The test cases might be reused I guess. However I still don't have a
clear idea of how exactly the bloom filter would be implemented. In the
threads I found it was suggested to use per-bucket filtersm, which seems
really strange to me. I see two options:

(a) global filter

- bloom filter sized according to estimates from planner
- ... so we're screwed if the estimates are significantly wrong
- create the filter in ExecHashTableCreate
- insert all tuples in ExecHashTableInsert (all batches)

(b) per-batch filter

- may be built after the batching is completed
- we have reliable numbers at this point (not just estimates)
- per-batch filters may be smaller (only fraction of tuples)

So the per-batch filter seems to be a better approach. The question is
the sizing of the bloom filter. According to [2] there are three rules
of thumb for sizing bloom filters:

(1) 1B per item, to get 2% error rate
(2) 0.7 * bits of hash functions (~5 when using 1B / item)
(3) number of hashes dominates the performance (more to compute,
more memory accesses)

When working with 20M rows, this means ~20MB and 5 hash functions.
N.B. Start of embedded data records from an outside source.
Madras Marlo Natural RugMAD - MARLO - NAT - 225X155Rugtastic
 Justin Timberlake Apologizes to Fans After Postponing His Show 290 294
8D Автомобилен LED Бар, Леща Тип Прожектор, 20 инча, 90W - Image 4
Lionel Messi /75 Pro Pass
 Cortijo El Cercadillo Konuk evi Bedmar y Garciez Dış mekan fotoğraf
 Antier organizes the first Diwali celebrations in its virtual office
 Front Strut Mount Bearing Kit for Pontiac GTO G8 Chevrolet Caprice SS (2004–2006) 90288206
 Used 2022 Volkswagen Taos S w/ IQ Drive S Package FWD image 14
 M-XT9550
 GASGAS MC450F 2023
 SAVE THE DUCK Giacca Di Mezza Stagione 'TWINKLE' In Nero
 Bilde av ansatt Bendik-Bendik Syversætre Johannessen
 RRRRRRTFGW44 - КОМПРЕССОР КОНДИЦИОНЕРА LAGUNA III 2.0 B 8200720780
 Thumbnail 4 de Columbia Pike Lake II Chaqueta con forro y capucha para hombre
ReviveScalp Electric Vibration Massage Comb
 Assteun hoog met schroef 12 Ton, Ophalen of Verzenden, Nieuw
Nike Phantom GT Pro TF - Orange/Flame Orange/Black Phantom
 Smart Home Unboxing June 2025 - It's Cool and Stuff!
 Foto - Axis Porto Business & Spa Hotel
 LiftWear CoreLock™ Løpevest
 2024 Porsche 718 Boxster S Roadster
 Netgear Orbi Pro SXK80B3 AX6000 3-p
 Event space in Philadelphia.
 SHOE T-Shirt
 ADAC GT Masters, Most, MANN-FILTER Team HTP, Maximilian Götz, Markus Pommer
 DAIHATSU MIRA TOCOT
Not
that bad, although we don't know how expensive it's to build the filter.

[2] http://corte.si/posts/code/bloom-filter-rules-of-thumb/index.html

However this is somewhat flawed because this assumes the 20M hashed
values are distinct, so if the inner table contains duplicate keys, we
might use smaller bloom filter. But we don't know that value (ndistinct
estimates are rather unreliable, but we might use hyperloglog counter to
do this).

Also, there are cases when we know there will be no misses (e.g. a join
on a FK), and in that case it's pointless to build the bloom filter.
Would be nice to get some flag from the planner whether to build it, a
threshold when to build it (e.g. if rowcount is > 10k, build the filter).

Doing something similar for the two patches I posted (tweaking the
nbuckets dynamically) might also benefit from such planning information,
although it's not that critical for them.